= Ady, Oregon =

Unincorporated community in Oregon, United States

Ady is an unincorporated historic locale in Klamath County, Oregon, United States.

==History==
Ady takes its name from Abel and Leona Ady who operated the freight/passenger transfer station at Teeter's Landing on the Klamath River south of Midland, Oregon between about 1906 and 1909.

In prior years, northbound freight and passengers bound for Klamath Falls and other eastern Oregon destinations left the Southern Pacific main line at Weed, California, using the McCloud Railway to transit the southern slopes of Mt. Shasta to Bartle, California. Bartle is some thirty miles east of the mountain and, at that time, the southern terminus of the Bartle Fast Freight Road used by Stage Coaches and Freight Wagons to reach Laird's Landing on the southwest shore of Lower Klamath Lake. (Residual traces of the riverboat turnaround at Laird's Landing can still be seen at 41 degrees 52 minutes 21.44 seconds North / 121 degrees 43 minutes 24.73 seconds West). From Laird's Landing, the steamboat Klamath, carried the passengers and freight on to Klamath Falls via the Lost River and various canals.
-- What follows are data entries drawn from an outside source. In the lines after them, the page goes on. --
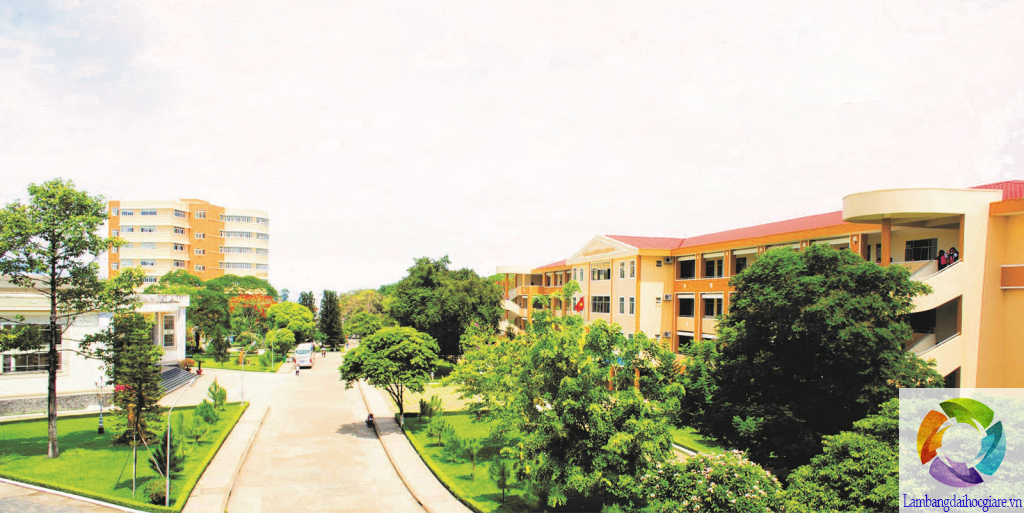 làm bằng Đại học Ngân Hàng Tp.HCM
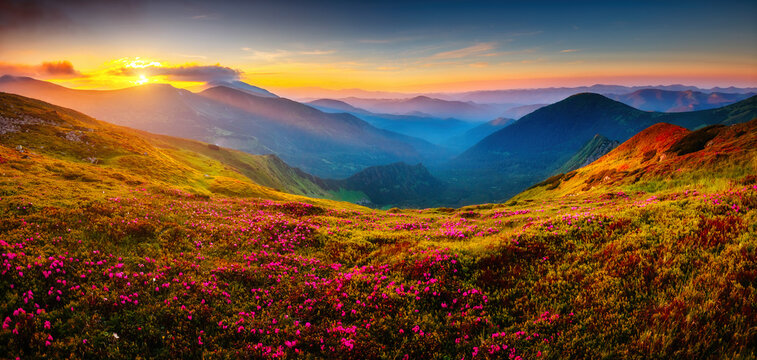 Attractive summer sunset with pink rhododendron flowers. Carpathian mountains, Ukraine.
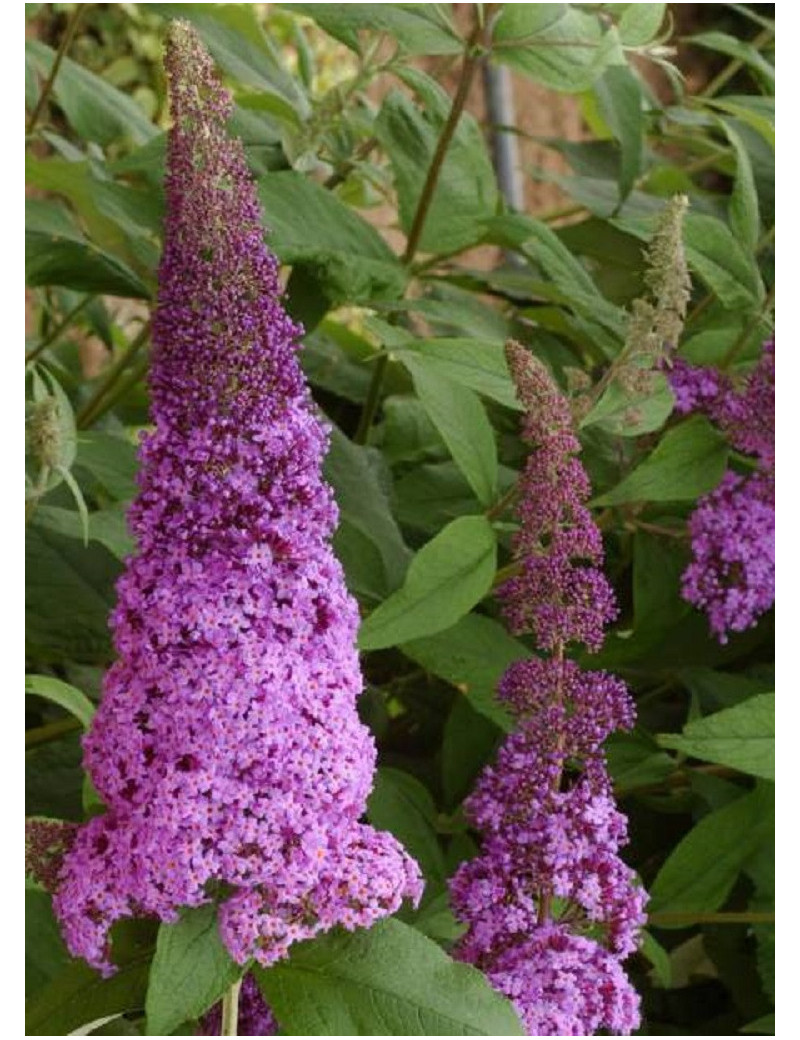 BUDDLEJA davidii RÊVE DE PAPILLON PINK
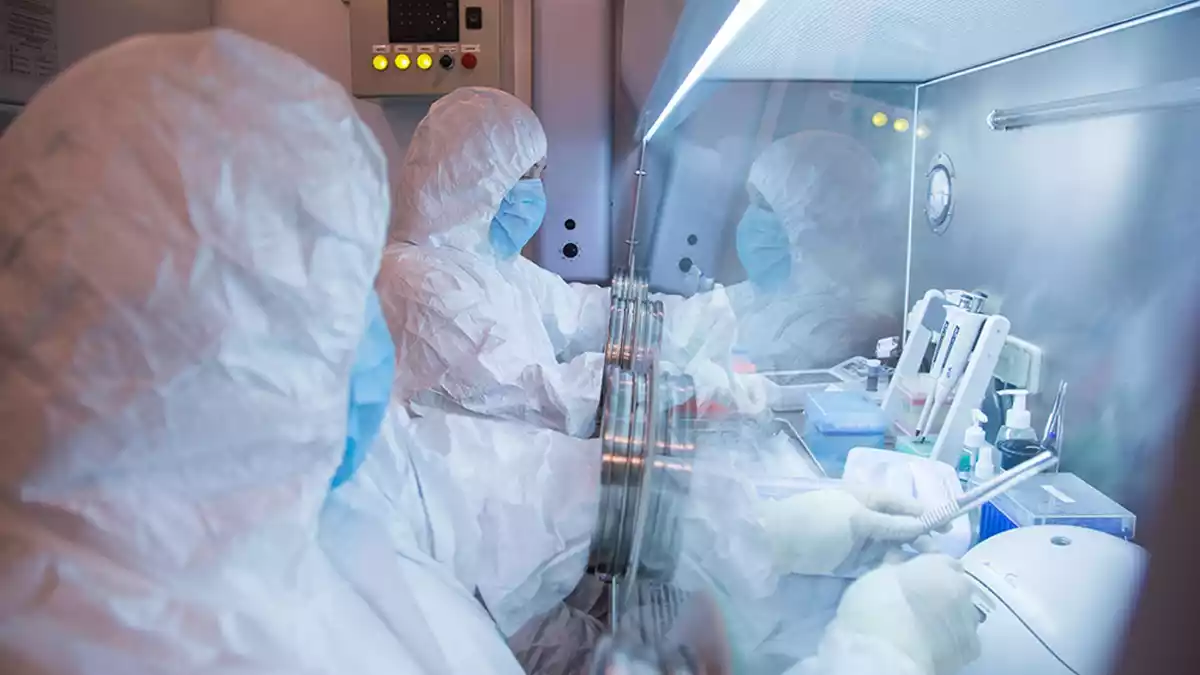 In Irkutsk werden mögliche Kontaktpersonen einer toten Wissenschaftlerin untersucht. (Archivbild)  - Bild: Uncredited/The Irkutsk Anti-Plague Research Institute of Siberia and Far East/AP/dpa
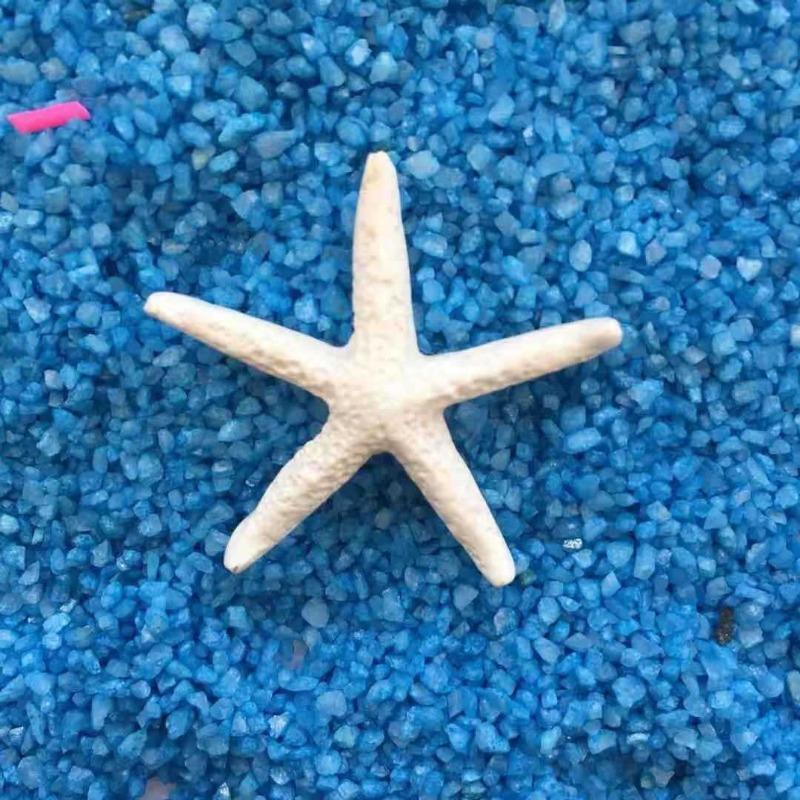 Stelle marine in resina Articoli decorativi per acquario in stile mediterraneo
Then in 1906, the Weed Lumber Company laid twenty miles of rails from Weed to Grass Lake northwest of Mt. Shasta (this section has since been abandoned). Grass Lake then replaced Bartle as the favored transfer point where northbound travelers and freight changed from rail to overland stage. The new route ran forty miles north to Teeter's Landing on the Klamath River south of Midland where the riverboat Klamath was met for the remaining ten miles north along the Klamath River and into Lake Ewauna and Klamath Falls. By cutting sixty miles from the trip, this route replaced the McCloud Railroad/Bartle Fast Freight Road.

In 1909 the Southern Pacific railroad was continued from Grass Lake to Klamath Falls, thereby ending the utility of the Teeter's Landing transfer station. (The inaugural run of the railroad from Teeter's Landing to Klamath Falls occurred on May 1, 1909; Abel Ady and his six-year-old son Aard were passengers.) The laying down of rails for much of that section of roadbed was made possible by the draining of the intervening marshland which had been covered with tules and several feet of water prior to that time.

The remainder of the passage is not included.